The developers named this enclave Isle d’Bahia, even though it isn’t an island at all, and hardly even qualifies as a peninsula, being more in the nature of a gentle outcurving of land around a point of the canal. My neighbors jokingly call it Paranoia Park, but we all have our reasons for valuing the security. For me, it’s a matter of taking precautions against the types of people I write about in my books, and also against a tiny but peculiar minority of my readers.
I step back into my house, close and latch the screen.
With Ray loose out there, I feel safe in here.
Not that I’d be a target of his. The killers I interview think I’m their best friend until my book comes out. Then they hate my guts, because I’ve told the whole world the truth about them, which isn’t anything like what they tell themselves. The book I am writing about Ray and his terrible crime isn’t out yet—isn’t even finished yet, and may never be—so he shouldn’t be hating me yet.
It’s a little early in the publishing schedule for that.
I smile to myself, and walk to another window, another soothing view.
With the windows open, I can hear the water splashing.
This house is the smallest on the cul-de-sac, a two-story apricot stucco flat-roofed cube, Italianate, with green shutters. Fr
om the street, the house is nearly invisible behind six towering cypress trees, three on either side of the double front door, which is painted a lacquered green almost identical in shade to the cypresses. The trees, themselves, are visible for miles in either direction from the canal, and are a landmark to the water traffic. From the air or the water, I can pick out the location of my home even before the big bridge comes into view.
Other people can’t easily see me, however.
Their visibility is limited from the water by the fifteen-foot cliff and the fact that the house sits on just enough of a slope to block the view from the decks of boats. I can see them, if they aren’t directly under my windows, but they can’t see me. From my three back doors—one each from the kitchen, living room, and office—it is, oddly, a bit of an uphill walk to stand over the water.

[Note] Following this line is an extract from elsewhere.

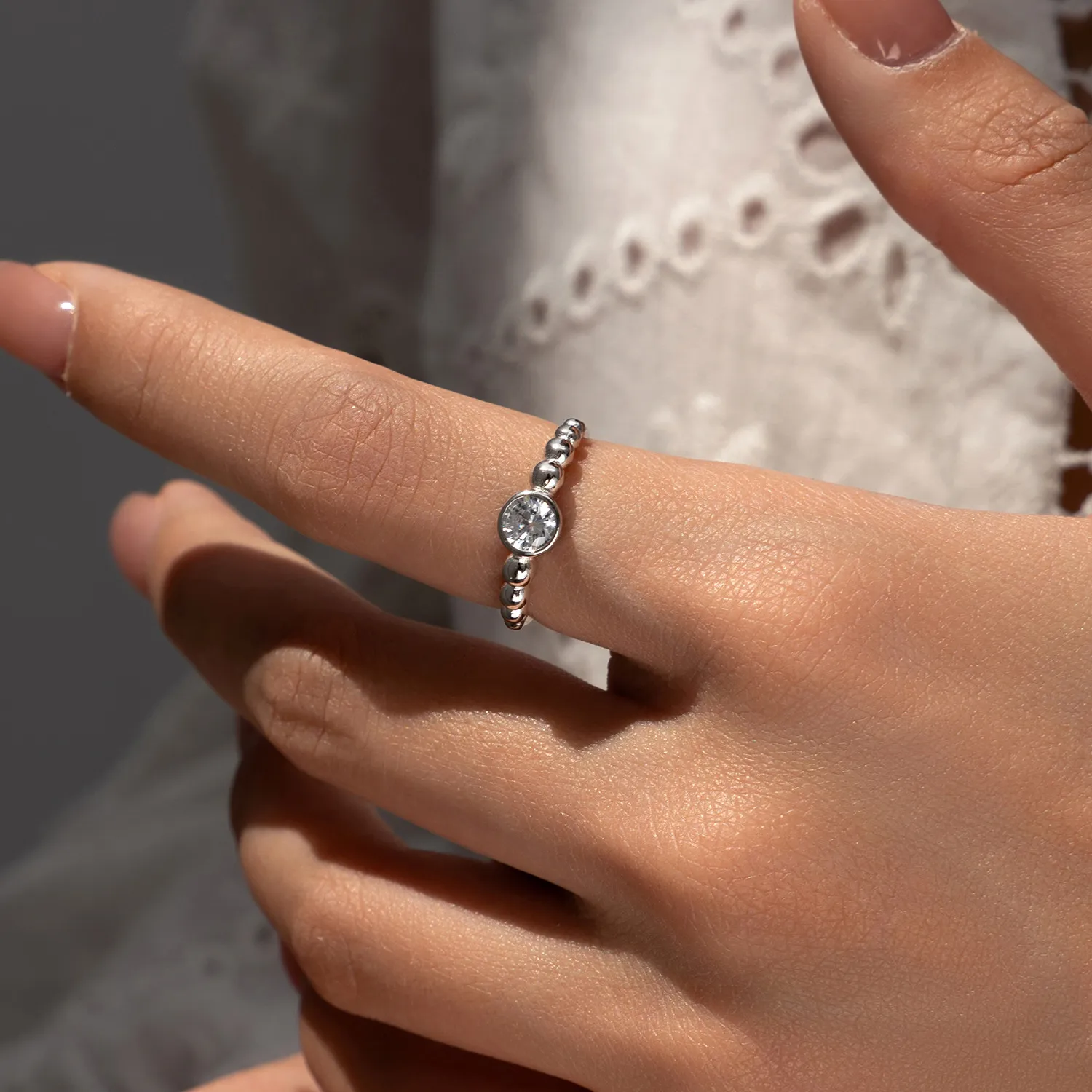S925 Bubble Beads Moissanite Ring110200009 - image1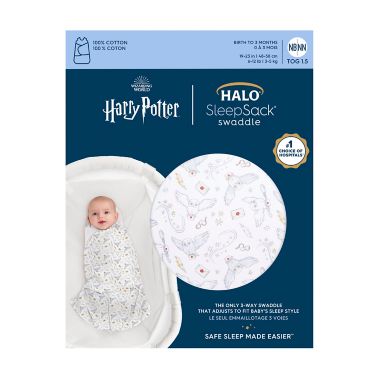 HALO&reg; SleepSack&reg; Size Small Harry Potter Cotton Swaddle in Grey. View a larger version of this product image.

I turn and look around my home.
Some people wouldn’t agree, but I think: How fortunate I am!
There’s nothing like a shooting to make you value your life.
From my foyer, the house opens into one large sunny living and dining room, all glass along the south wall. The west wing is kitchen, with wraparound windows, and a half bath. To the east is my office, on the canal side, and a bathroom and a guest bedroom behind it. My bedroom suite consumes the entire second floor, but since the house isn’t large, the area seems perfectly proportioned to my sense of space, rather than seeming a room for giants. Taking my cue from the apricot stucco walls of the exterior, I have decorated the interior in the colors of the Italian countryside, or of a bowl of ripe fruit—lemons, peaches, oranges, frosted grapes, and strawberries.